Alog: Miniatures
Rune Grammofon

Rune Grammofon maintains its sterling rep with this third album from Alog, the group formed by Norwegians Espen Sommer Eide (aka Phonophani) and Dag-Are Haugan in 1997. Alluding to their creative approach, the duo's moniker conflates (digit)Al and (ana)log into a single term, with Eide focusing on their music's digital side and Haugan the analog; accordingly, they humanize their repetitive, machine-generated structures with acoustic sounds and field elements. Behind the hammering vibes patterns and acoustic guitar in “Buffalo Demon,” for example, one hears the noisy clatter and bellowing voices of a bar or restaurant, while the loose-limbed “Leyden Jar” approximates the cacophony of a Times Square traffic jam.

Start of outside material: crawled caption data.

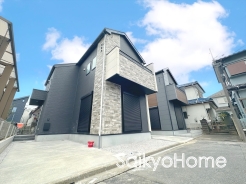 青空と公園。開放感のある街並み。「ゆったりとした環境で子育てがしたい」ママ・パパにぜひ現地をみてもらいたい物件です！■府中市小柳町3　新築一戸建て■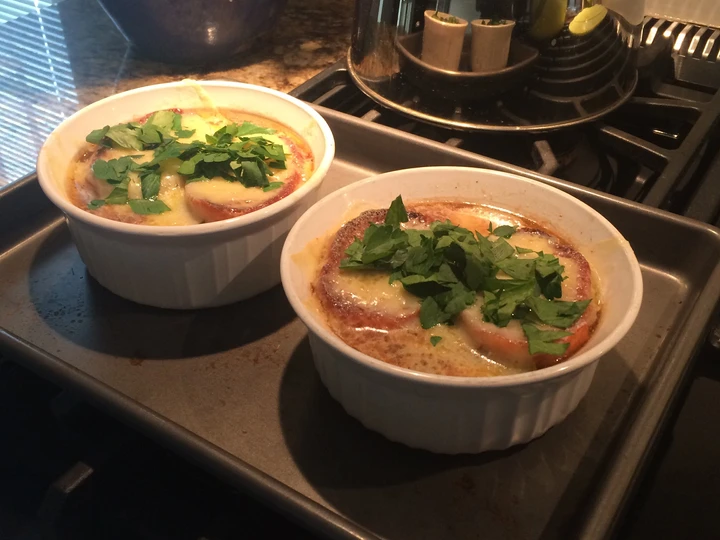 Easy Steps Make|Recipe} Copycat Panera Bread French Onion Soup, Really Delicious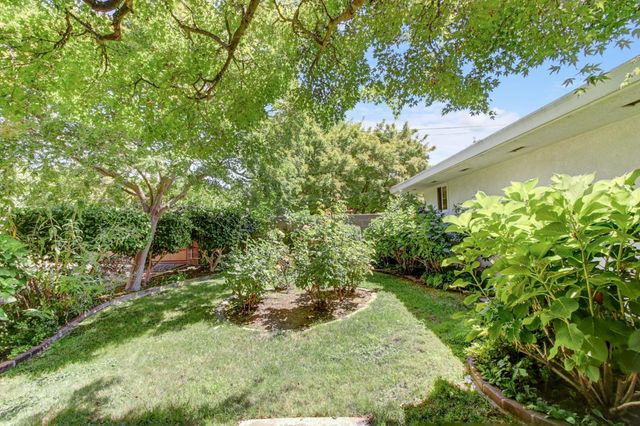 5649 Newbury Way, Carmichael, CA 95608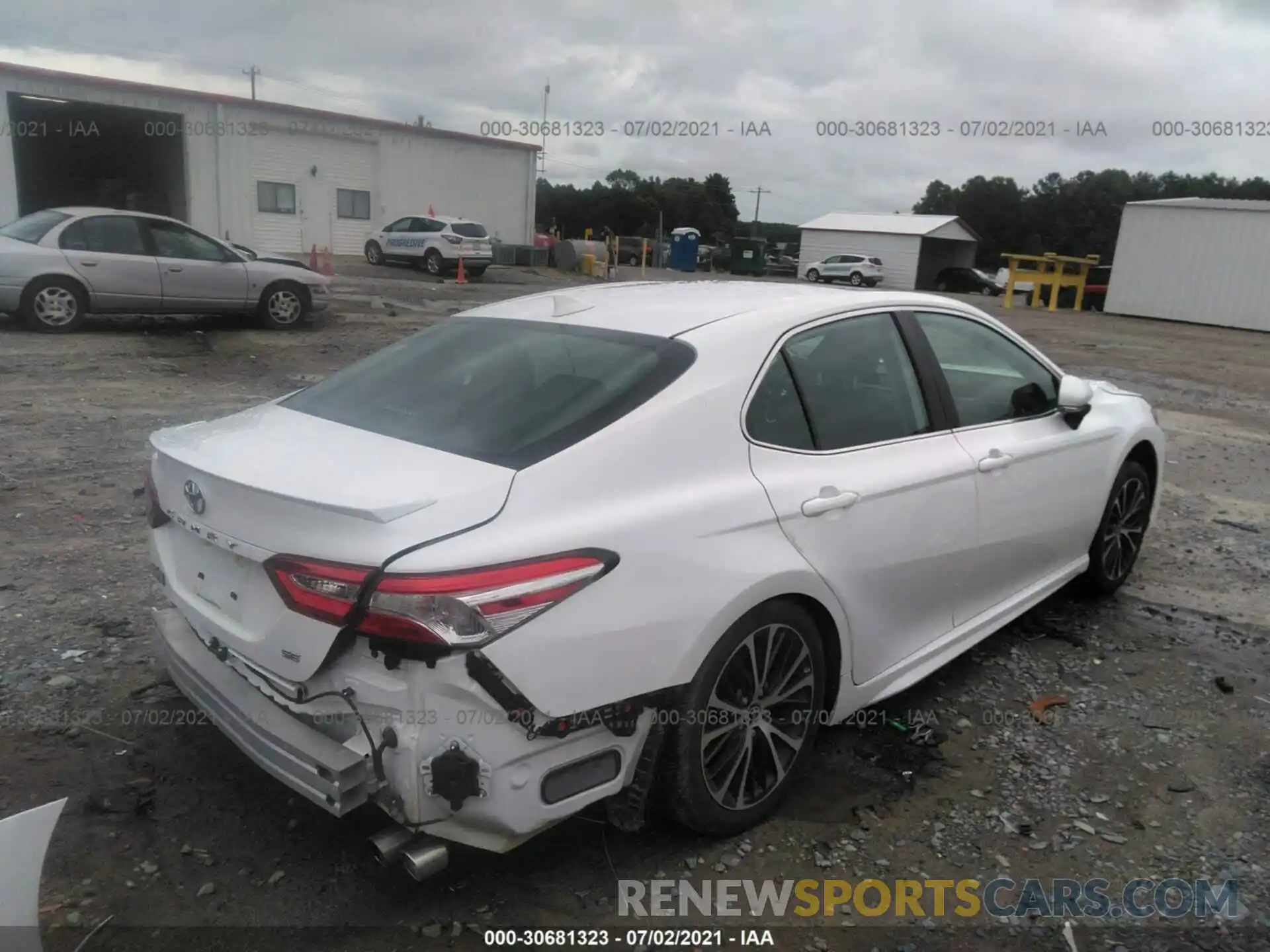 4 Photograph of a damaged car 4T1M11AK9LU401561 TOYOTA CAMRY 2020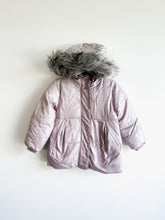 Load image into Gallery viewer, Old Navy frost free puffer jacket (3y)
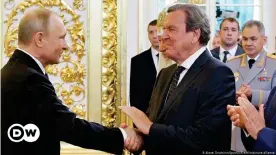  ??  ?? Герхард Шредер и Владимир Путин (фото из архива)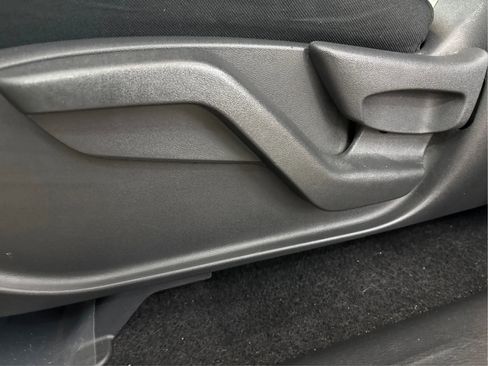 Used 2018 Nissan Pathfinder S image 25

If the longest piece, the thirteen-minute meditation “Building Instruments,” pushes this humanizing dimension to too great an extreme (its opening minutes are little more than throat clearings, shuffling footsteps, and musicians settling in), it at least puts a human face on a music often lacking it; in fact, it might be the album's most naturalistic composition, with its latter half emphasizing off-key vocal musings alongside gently wheezing harmonium tones, string bowings, and acoustic guitar picking.

Alog distills its numerous influences into personalized and unusual configurations that are elastically stretched throughout. While early Philip Glass (circa North Star) is evoked by cycling organ flurries in “Steady Jogging of the Heart” and “Pesce Spada,” the duo creates a unique stylistic collage in the latter by adding bruised squalls and tribal drum patterns to the organ elements. Virtually every track is memorable for one reason or another: the Takemura-like sea of droning tones and churning machine stabs that gradually swells, decompresses peacefully, and hypnotically expires in “Severe Punishment and Lasting Bliss,” the Steve Reich-meets-Tortoise fusion of staccato guitar strums with vibraphone pings in “St. Paul Sessions II,” and the incredible marriage of Ovalesque stutter with Latin percussion and sparse funk beats in “The Youth of Mysterious Conversations.”

While the album's title might suggest microtonal minimalism, it apparently refers to Turkish miniature paintings and their mysterious patterns of radiantly coloured objects—a much more fitting analogue to Alog's bold and fluid sound that Miniatures captures so memorably.